UART Tip #25: Blending and Smoothing Colored Pencils with a Stencil Brush by Denise Howard

The first thing you notice when you try colored pencils on sanded paper such as UART is “Whoa! It eats pencils like crazy!” The second thing you notice is “Hey, I covered this whole area in no time!” The pro often outweighs the con to make UART a good friend to have. Colored pencil is notorious for being a slow medium, and for the need to remember to always work from light to dark when using traditional papers and techniques.

Why use colored pencil rather than pastel pencil on UART? Less mess, and the option to frame under plexiglass instead of glass.

With experience, it becomes easier to evaluate a scene and decide whether it would be easier to interpret with traditional colored pencil layering techniques on paper, or with more pastel-like techniques on UART. In this case, I’ve chosen a dramatic sunset sky for a small study.

Even at only 9” x 12”, I know it would take me 30-40 hours over a couple of weeks to complete it the traditional way, gradually building up the darkest areas, minimizing speckles of paper showing through, and creating smooth transitions of color. I think this is why many colored pencil artists shy away from drawing large expanses of sky. But using UART paper, I can complete it in only a few hours!

Let me show you how that works. My supplies are a 9” x 12” sheet of UART 600 paper, a set of oil-based colored pencils, poster putty, a cheap stencil brush, and an electric eraser. I use oil-based pencils when working on UART because they have a drier consistency, which creates a powdery residue that is just what I need for this technique.

1. Upon examining the clouds in the reference photo, I saw that there are a lot of dark areas behind the bright orange sunlit clouds, and that’s what makes the highlights pop. I chose a dark blue, a light blue, and white as the base colors for the clear sky. I chose the same dark blue and a dark red as the base colors for everywhere there are dark cloud areas. I quickly and generously scrubbed the colors on, right on top of each other, making no effort to fill the tooth of the paper or preserve crisp edges—this will happen in later steps. I resisted the urge to blow the residue away, so it was present for the next step.

2. With the stencil brush, I very gently swirled and stroked with small movements to work the powdery pigment residue into the tooth of the paper.

There was an initial blotchiness and roughness that I smoothed out by applying more pencil pigment and more brush strokes. I resisted the urge to press and scrub with the brush, because that would’ve pulled pigment back out of the paper tooth and defeated my effort to make the blend smooth. I wasn’t concerned with perfect smoothness in the clouds, because this was only the underpainting.

3. Once I was happy with the blue sky and dark clouds, I did the same for the sunlit clouds. I used warm yellows and oranges, and was careful not to overlap any of the blues since that would result in a green or a grayed-orange rim.

This point in the process is the “ugly stage”, where I always think it looks awful and it’s not going to work. But you need to keep going and trust the process!
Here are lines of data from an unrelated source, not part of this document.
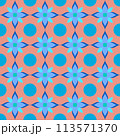 blue flowers geometric abstract pattern. Seamless background 113571370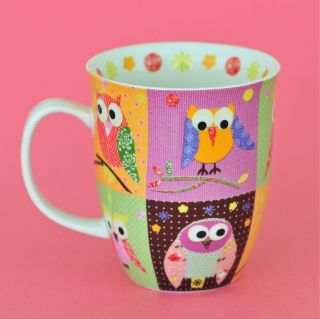  Pink Green Owl Print Ceramic Coffee Tea Mug by Creative Tops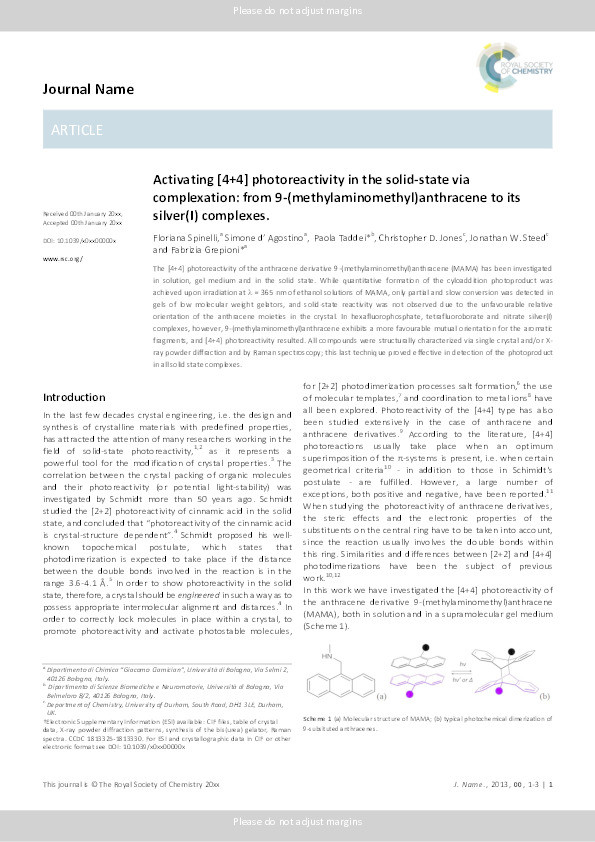 Activating [4+4] photoreactivity in the solid-state via complexation: from 9-(methylaminomethyl)anthracene to its silver(I) complexes Thumbnail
4. I used the poster putty and the electric eraser to subtract all pigment from small areas in the dark clouds to make clean places for the puffy foreground sunlit clouds.

I could’ve done it all by dabbing with the poster putty, but the electric eraser speeded the process. Where any pigment persisted, I added a layer of white or light pink to prepare the area further.

5. Into the newly-cleaned areas, layered the same colors as in the other sunlit clouds. I made the tops redder than the bottoms to suggest form. Then I punched up their contrast by further darkening the background clouds around them with dark blue and dark red.

6. I sharpened some edges and smoothed grainy areas with very sharp pencils and a light touch, or light strokes with the stencil brush.

7. I waited until the end to develop the dark foreground bushes so that dark pigment dust would have as short an opportunity as possible to pollute the sky. I generously scrubbed in black, smoothed it with the stencil brush, and repeated until it was very even.

The end result is a simplified color study of a very complex sky, which helped me work out in a short time how I could execute a much larger and more detailed version with the same set of colored pencils.

I hope you found this process educational!